Os seus olhos azuis e tristes fitavam-nos, humedeciam e brilhavam a seguir, como se em nós vissem chuva no nabal e sol na eira. Depois, com aquela doçura infinita que Deus só concede às verdadeiras mães, abraçava-nos e beijava-nos.

 
Nessa idade tenra, em que facilmente se decora sem compreender, ouvíamos dizer:

- Cabras p’rá horta.
- Galinhas p’rá eira.
- Mulheres p’rá festa
- O diabo lhes dá pernas.

 
Entendíamos de cabras e de galinhas. De hortas, de eiras e de festas. O diabo, diziam que éramos nós, em figura de gente. De mulheres, apenas sabíamos sentir o seu pulsar na alma de um povoado onde as festas rareavam.
Porém, talvez houvesse outras festas que escapavam à nossa imaginação. Com foguetes a estoirar e anjos grandes a sorrir do céu mas que apenas as mulheres ouviam e viam do jeito peculiar que as mulheres têm de quererem, à força, ser felizes.

 
Cinco décadas nos separam dessas mulheres, turbilhões de pensamentos nos unem. E assim viveremos, em constante recordar, aliviadas por ter revelado que, por mais voltas que dermos na vida, continuaremos a ser camponesas disfarçadas que ainda se apoquentam com a queima das geadas.

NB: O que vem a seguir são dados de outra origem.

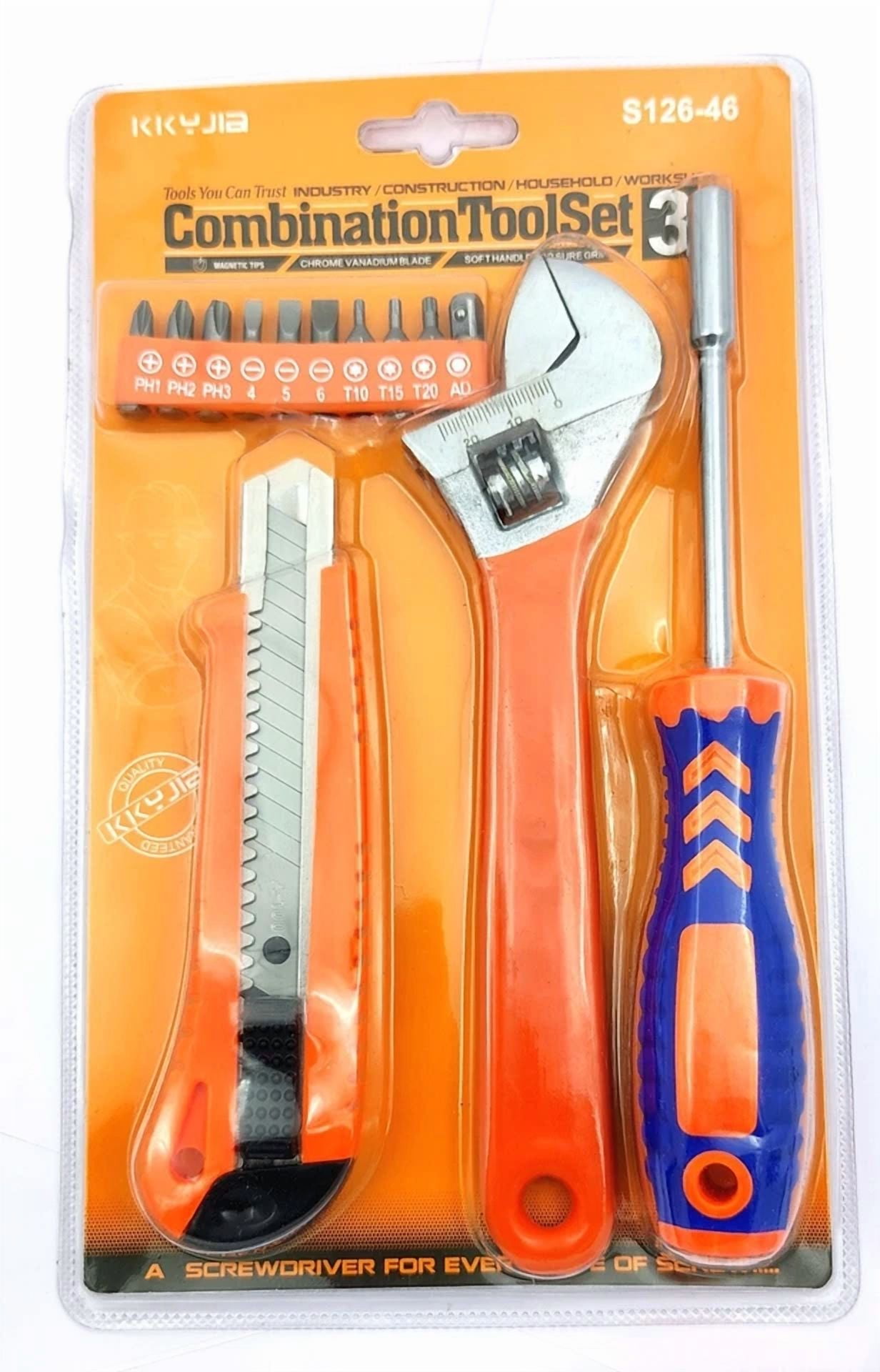 CIRCLE- 4Pcs Of Retractable Utility Knife,Adjustable Wrench&10Pcs Multi-Bits-Usa Fulfill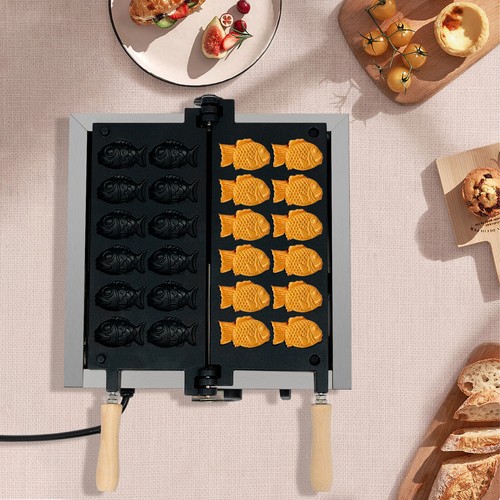 Máquina para hornear gofres Taiyaki eléctrica comercial con forma de pescado - Imagen 3 de 16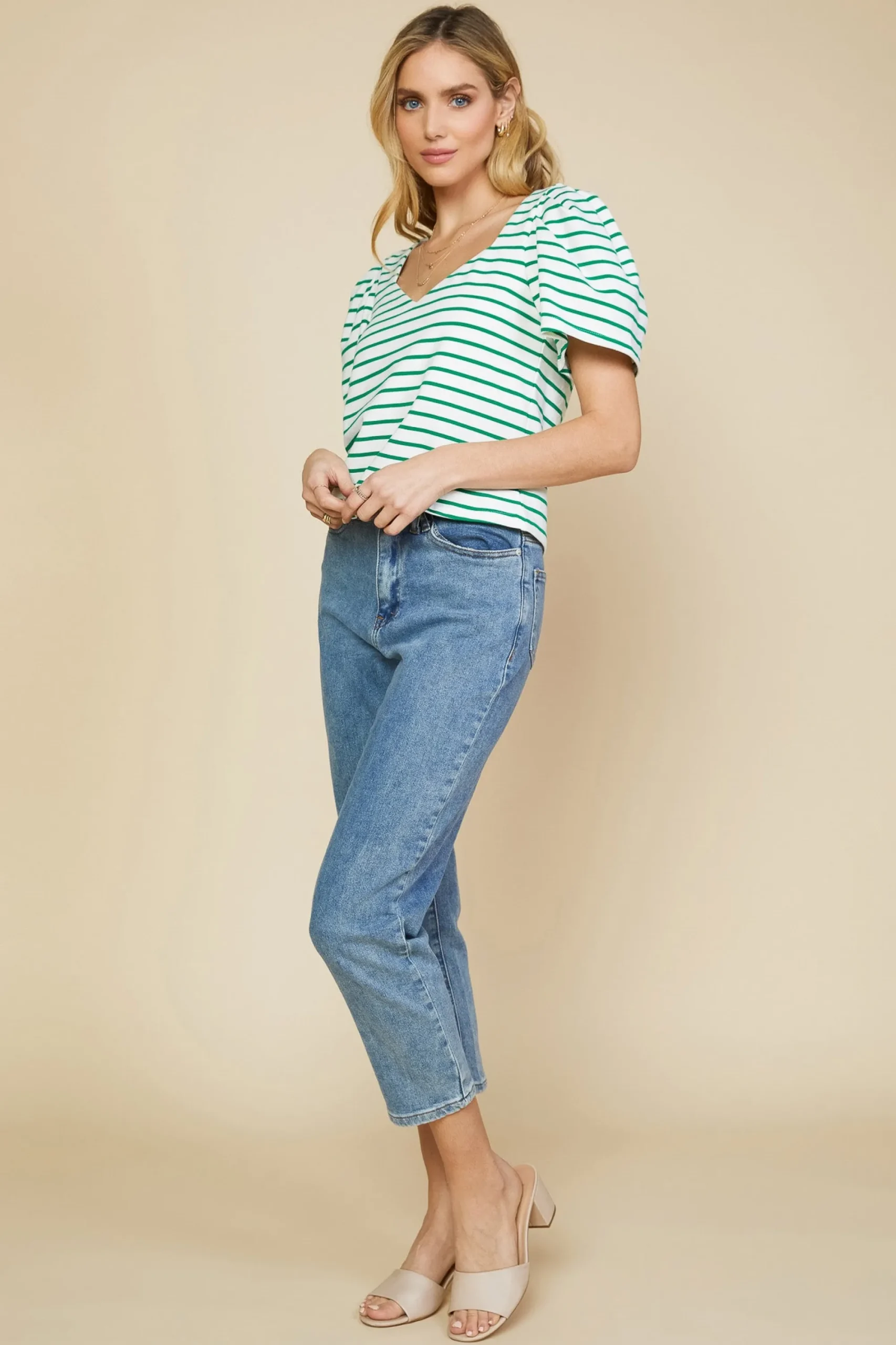 SKIES ARE BLUE Pleated Sleeve Knit Top* Short Sleeve Tops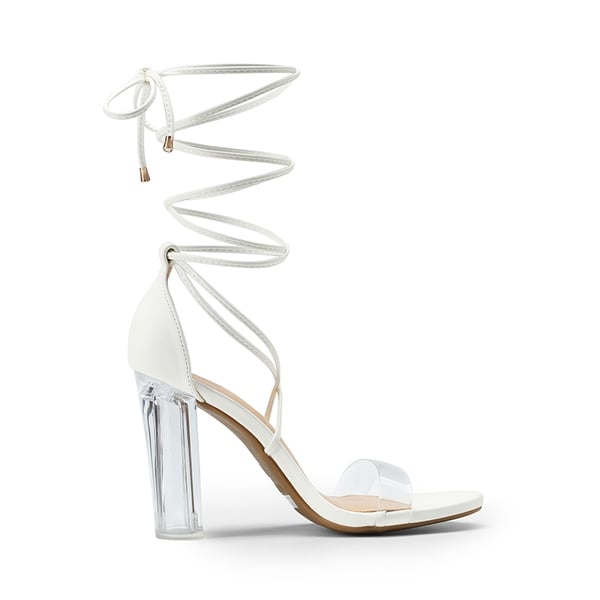Lace Up Transparent Heel Sandals - WHITE-PU - 1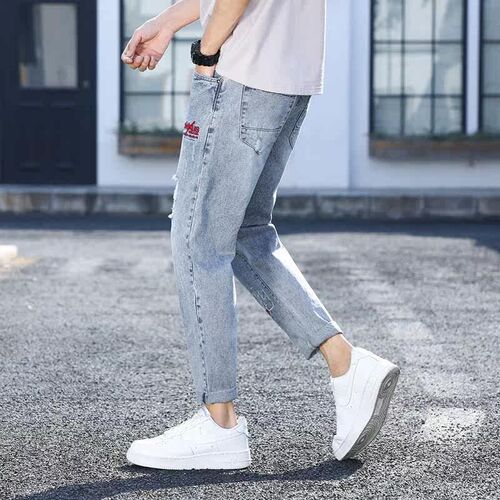 -Jeans mens straight loose tend all-match light color retro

Chafariz do Outeiro - Foto Actual - Vila Boa do Mondego


                                           O chafariz do Outeiro
                                           Com sua missão cumprida
                                           Vai pingando saudades
                                           Do tempo em que teve vida.